O Opportunity chegou a Marte a 25 de Janeiro e sem querer também caiu dentro de uma pequena cratera com 22 metros de diâmetro situada em Meridiani Planum. Nesta zona plana de Marte existe hematite cinzenta, um óxido de ferro, que surge, geralmente, em ambientes ricos em água, embora nem sempre a presença de água seja necessária para termos hematite. Mas o facto de existir pode ser um sinal de que o planeta já foi rico em água. Tratava-se também de um local liso provavelmente com poucas rochas e, por isso, seguro para a aterragem do rover. Só que por azar durante o pouso este acabou por cair dentro da dita cratera. Mas dado que se tratava de uma cratera pouco profunda (apenas dois metros de profundidade) não foi difícil de transpôr.



Uma imagem da cratera onde caiu o Opportunity. Á direita vê-se um afloramento rochoso que foi o primeiro alvo estudado pelo rover. (NASA/JPL)

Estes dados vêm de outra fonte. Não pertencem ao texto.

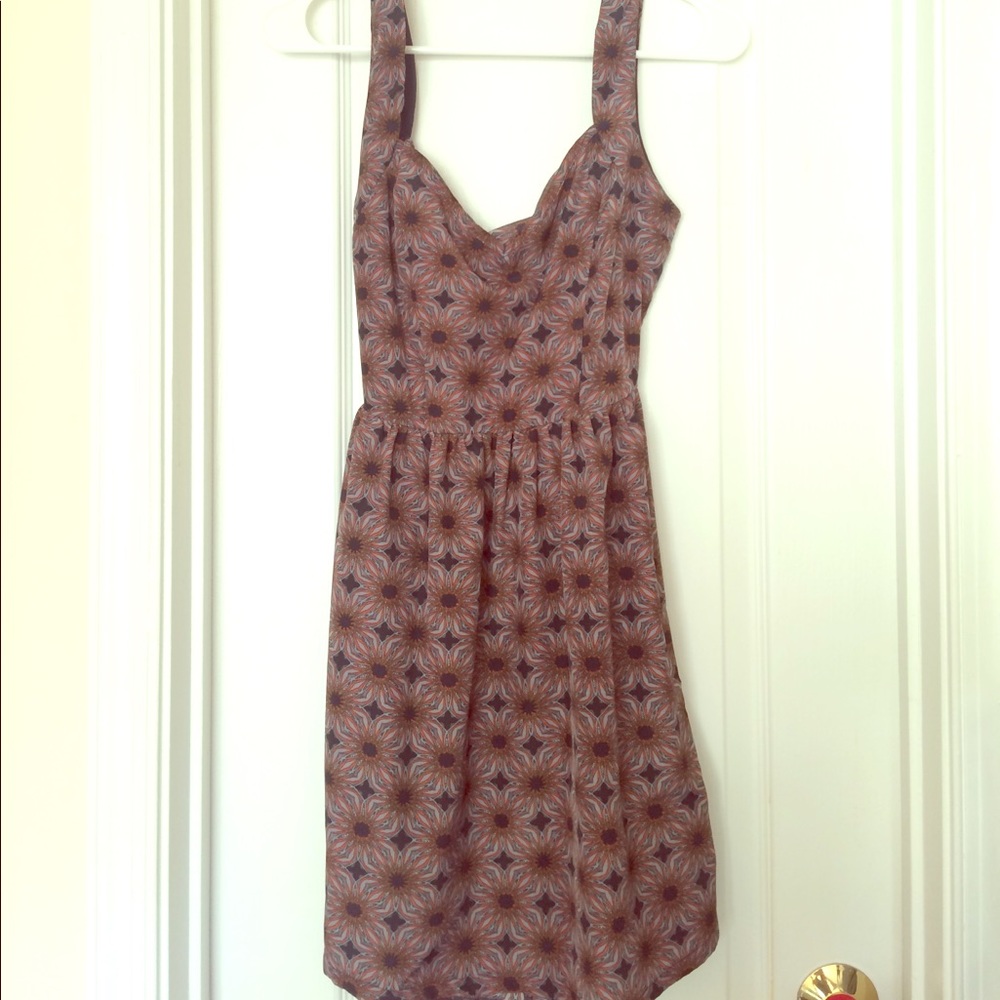 Back bow dress
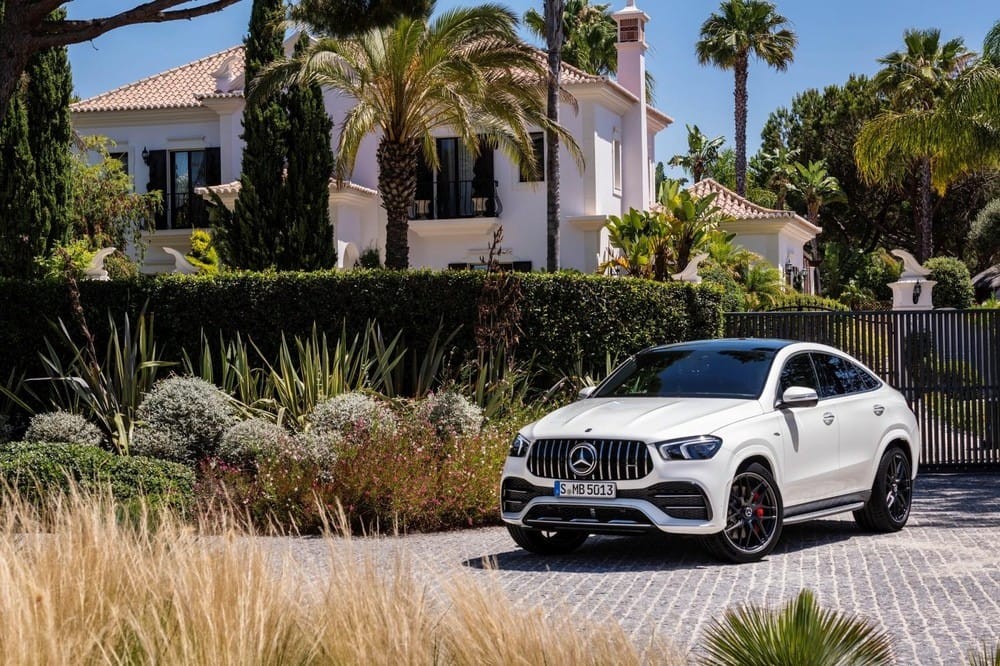 Hôm nay (26/4), Mercedes-AMG GLE 53 4Matic+ Coupe 2021 đã chính thức được ra mắt Việt Nam. Hôm nay (26/4), Mercedes-AMG GLE 53 4Matic+ Coupe 2021 đã chính thức được ra mắt Việt Nam.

O robô passou praticamente dois meses entretido dentro do buraco, onde dedicou toda a sua atenção a um afloramento rochoso que salta à vista nas imagens. Este afloramento foi um golpe de sorte para o rover. Nunca tinha sido visto nada de parecido em Marte. As suas rochas parecem que estiveram no passado em contacto com água. O Opportunity detectou aqui níveis elevados de enxofre provavelmente sob a forma de sais de sulfato. Na Terra, os sais de sulfato formam-se normalmente na água ou, depois da formação, sofrem alterações por longas exposições à água. Além disso, observou também em duas rochas estratos muito finos de material sedimentar que apresentam uma forma de distribuição ondulada. A interpretação para este tipo de forma é que os sedimentos em questão foram depositados por água corrente em camadas onduladas. No nosso planeta, este tipo de estratos vê-se muito em rochas à beira-mar. Sendo assim, parece credível que a planície onde está o rover tenha sido em tempos um mar salgado. Mas o rover não olhou apenas para as rochas do afloramento, também olhou para o chão onde descobriu com o seu microscópio de imagem (MI) pequenos grãos irregulares com 2 a 3 mm de diâmetro que parecem “mirtilos” e que cobrem tanto o chão da cratera como as rochas em volta. Na sua origem podem estar processos de erosão aquosos e há até especulações sobre uma possível origem biológica para este tipo de estruturas.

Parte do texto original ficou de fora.